ACTION ITEM ▸
Scan the following data for lines with "used" and state how many there are, as a number only.

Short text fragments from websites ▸
━━━━━━━━

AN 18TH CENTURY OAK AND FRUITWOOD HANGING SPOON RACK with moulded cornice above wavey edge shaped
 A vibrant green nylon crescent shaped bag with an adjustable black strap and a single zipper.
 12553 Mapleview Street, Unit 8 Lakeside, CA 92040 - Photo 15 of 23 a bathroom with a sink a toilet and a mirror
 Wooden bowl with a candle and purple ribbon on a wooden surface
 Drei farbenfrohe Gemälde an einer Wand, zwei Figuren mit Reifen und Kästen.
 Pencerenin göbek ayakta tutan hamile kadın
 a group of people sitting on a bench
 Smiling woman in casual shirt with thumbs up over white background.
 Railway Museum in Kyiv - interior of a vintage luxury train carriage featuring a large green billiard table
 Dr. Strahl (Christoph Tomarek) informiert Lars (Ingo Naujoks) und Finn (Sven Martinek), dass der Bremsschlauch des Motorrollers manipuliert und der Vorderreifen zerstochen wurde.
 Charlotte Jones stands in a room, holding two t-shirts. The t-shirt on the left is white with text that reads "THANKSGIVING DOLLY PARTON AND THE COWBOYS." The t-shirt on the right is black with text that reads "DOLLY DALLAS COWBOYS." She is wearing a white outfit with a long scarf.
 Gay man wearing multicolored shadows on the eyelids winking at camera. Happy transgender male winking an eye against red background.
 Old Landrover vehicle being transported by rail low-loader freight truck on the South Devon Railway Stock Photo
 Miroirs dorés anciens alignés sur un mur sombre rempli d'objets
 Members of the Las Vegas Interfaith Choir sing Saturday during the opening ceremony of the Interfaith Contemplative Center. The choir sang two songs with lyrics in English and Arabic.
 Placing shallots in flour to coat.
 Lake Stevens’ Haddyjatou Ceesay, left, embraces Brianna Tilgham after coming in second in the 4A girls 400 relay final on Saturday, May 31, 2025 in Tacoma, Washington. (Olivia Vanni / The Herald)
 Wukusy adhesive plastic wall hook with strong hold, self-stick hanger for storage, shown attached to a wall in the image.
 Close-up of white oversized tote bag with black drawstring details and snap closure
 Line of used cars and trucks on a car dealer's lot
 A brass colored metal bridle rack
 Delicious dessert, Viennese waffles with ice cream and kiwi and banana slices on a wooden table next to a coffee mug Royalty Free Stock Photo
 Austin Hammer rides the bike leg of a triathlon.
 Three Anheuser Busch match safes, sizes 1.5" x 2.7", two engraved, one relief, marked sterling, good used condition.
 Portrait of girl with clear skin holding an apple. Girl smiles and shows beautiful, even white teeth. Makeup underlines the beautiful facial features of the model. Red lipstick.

━━━━━━━━

ANSWER SPACE ▸
2